14.5.28. crate_anon.nlp_manager.parse_substance_misuse

crate_anon/nlp_manager/parse_substance_misuse.py


Copyright (C) 2015, University of Cambridge, Department of Psychiatry. Created by Rudolf Cardinal (rnc1001@cam.ac.uk).

This file is part of CRATE.

CRATE is free software: you can redistribute it and/or modify it under the terms of the GNU General Public License as published by the Free Software Foundation, either version 3 of the License, or (at your option) any later version.

CRATE is distributed in the hope that it will be useful, but WITHOUT ANY WARRANTY; without even the implied warranty of MERCHANTABILITY or FITNESS FOR A PARTICULAR PURPOSE. See the GNU General Public License for more details.

You should have received a copy of the GNU General Public License along with CRATE. If not, see <https://www.gnu.org/licenses/>.


Python regex-based NLP processors for substance misuse.

class crate_anon.nlp_manager.parse_substance_misuse.AlcoholUnits(nlpdef: Optional[crate_anon.nlp_manager.nlp_definition.NlpDefinition], cfg_processor_name: Optional[str], commit: bool = False)[source]

SUBSTANCE MISUSE.

Alcohol consumption, specified explicitly as (UK) units per day or per week, or via non-numeric references to not drinking any.

  • Output is in UK units per week. A UK unit is 10 ml of ethanol 1 2. UK NHS guidelines used to be “per week” and remain broadly week-based 1.

  • It doesn’t attempt any understanding of other alcohol descriptions (e.g. “pints of beer”, “glasses of wine”, “bottles of vodka”) so is expected to apply where a clinician has converted a (potentially mixed) alcohol description to a units-per-week calculation.

1(1,2)

https://www.nhs.uk/live-well/alcohol-advice/calculating-alcohol-units/, accessed 2023-01-18.

2

https://en.wikipedia.org/wiki/Unit_of_alcohol

__init__(nlpdef: Optional[crate_anon.nlp_manager.nlp_definition.NlpDefinition], cfg_processor_name: Optional[str], commit: bool = False) None[source]
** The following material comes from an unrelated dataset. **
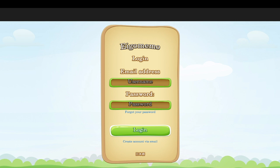Hello, welcome to egomemo.com. This website is for vocabulary study. Using flashcards, you get to learn some new words. This video is to teach you how to use egomemo.com for the first time.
Init function for NumericalResultParser.

Parameters
  • nlpdef – A crate_anon.nlp_manager.nlp_definition.NlpDefinition.

  • cfg_processor_name – Config section name in the NLP config file.

  • variable – Used by subclasses as the record value for variable_name.

  • target_unit – Fieldname used for the primary output quantity.

  • regex_str_for_debugging – String form of regex, for debugging.

  • commit – Force a COMMIT whenever we insert data? You should specify this in multiprocess mode, or you may get database deadlocks.

Subclasses will extend this method.

parse(text: str, debug: bool = False) Generator[Tuple[str, Dict[str, Any]], None, None][source]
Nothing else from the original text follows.